When most people think about online learning, they think about adults taking online university classes. Or they might think about the online training that occurs in many workplaces. But online learning opportunities occur in the K-12 sector as well and are increasingly popular with students and their families.
The Sloan Consortium estimates that at least 1 million K-12 public school students took an online course last year. This represents approximately 2% of the national K-12 public school student population and is a 22–fold increase since 2000. About 20 states have statewide virtual high schools that deliver online courses to students across the state. Others, like Iowa, have state-led programs that help deliver some online courses to students.
Florida appears to be the model for the rest of the country. The Florida Virtual School offers almost 100 online courses and is expected to serve more than 80,000 students this year. Its enrolllment is growing at a pace of 50% per year. North Carolina, Utah, and Alabama also have very robust statewide virtual schools.
In addition to creating statewide virtual schools, states are enacting a number of other policies to facilitate online learning. For example, both Michigan and Alabama now have state laws requiring that students have an online learning experience before they graduate. Florida recently passed a law requiring every school district to provide online courses (either itself or by contracting with others) for its K-8 students.
The reasons are numerous for the popularity of online courses with schools, students, and parents. For many school districts, online courses are the only way to provide high-level classes such as Advanced Placement, foreign language, advanced science or math, and other courses. Other districts are finding that online coursework can be an excellent option for at-risk students or credit recovery; for homebound, incarcerated, or home-schooled students; or for meeting the needs of students who simply may not be successful in a more traditional classroom environment. Meta-analyses of existing research show that student achievement in face-to-face and online courses is approximately equivalent. Students and parents value the flexibility, accessibility, and convenience of online coursework. Many online courses also allow students to proceed at their own pace; collaborate with students from other schools or countries; and/or incorporate digital technologies into their learning.

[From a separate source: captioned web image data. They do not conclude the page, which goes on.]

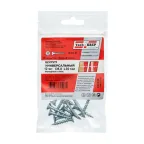 Шуруп универсальный 5х30 потайная головка, остроконечный, оцинкованный (12шт) - пакет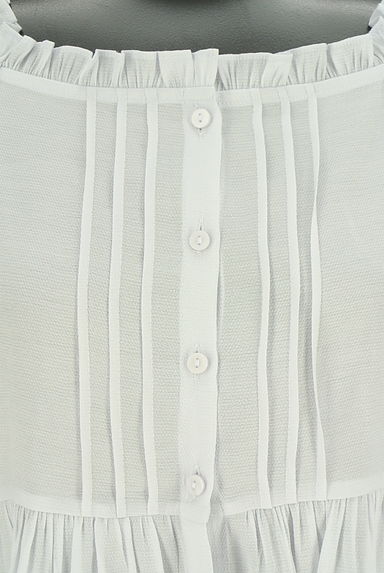 LILLIAN CARAT（リリアンカラット）の古着「リボン付きボリューム袖シアーブラウス（カットソー・プルオーバー）」大画像４へ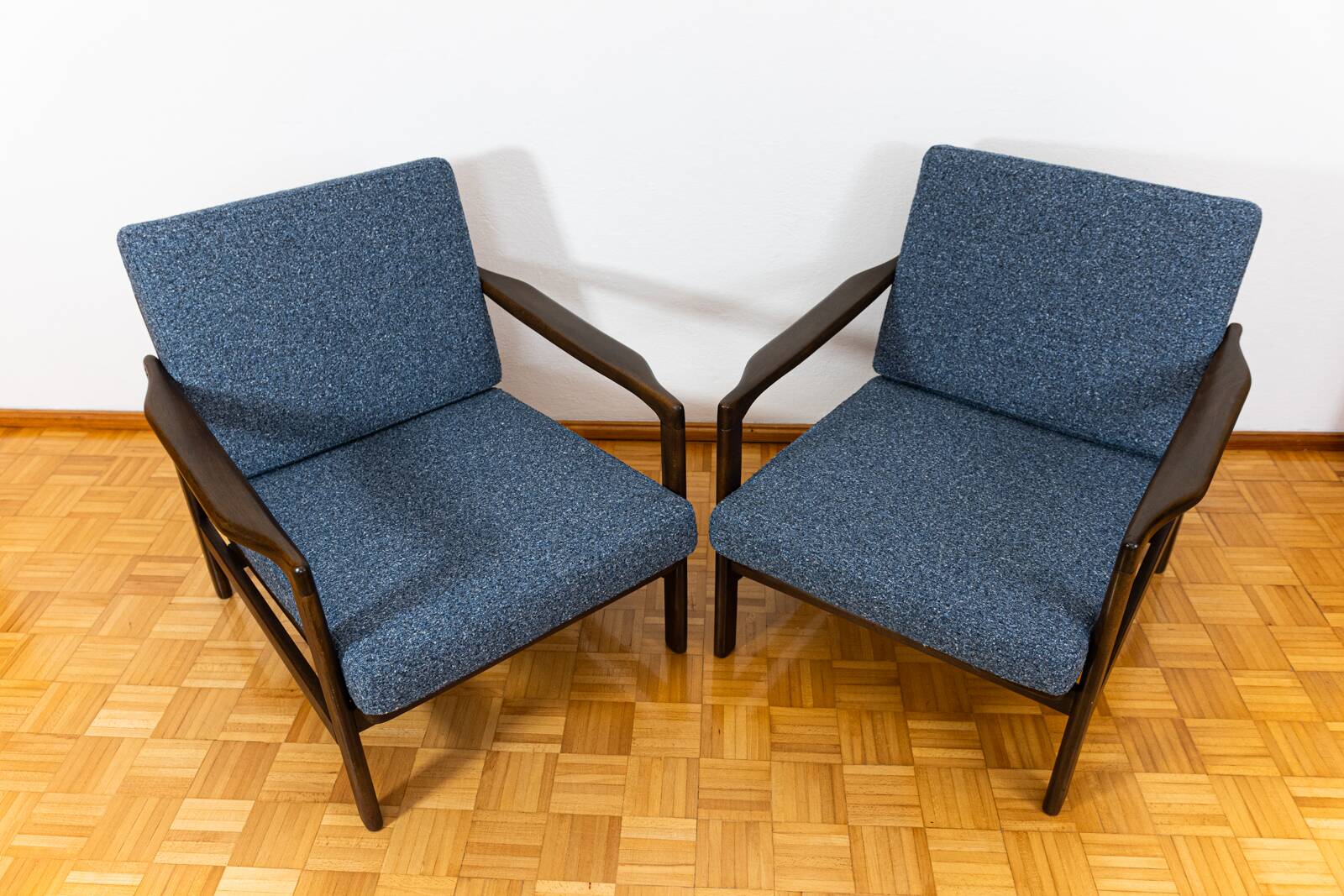 Pair of mid century armchairs "b7522 " by Zenon Bączyk,  Poland, 1960's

Online learning opportunities for K-12 students are exploding across America. The United States Department of Education found that four years ago over a third of school districts already had students taking online courses. Unfortunately, here in Iowa we are NOT keeping pace. The most recent data from the International Association for K-12 Online Learning (iNACOL) show that only a few hundred of the 480,000 K-12 students in Iowa are enrolled in online courses. Entities such as Iowa Learning Online, the Iowa Online AP Academy, and Kirkwood Community College’s High School Distance Learning Program all are delivering courses to students. The Des Moines Public Schools also are exploring some online learning options. However, even if online enrollments in Iowa soon will number in the low thousands, the overall availability of online learning opportunities for Iowa students still is extremely low.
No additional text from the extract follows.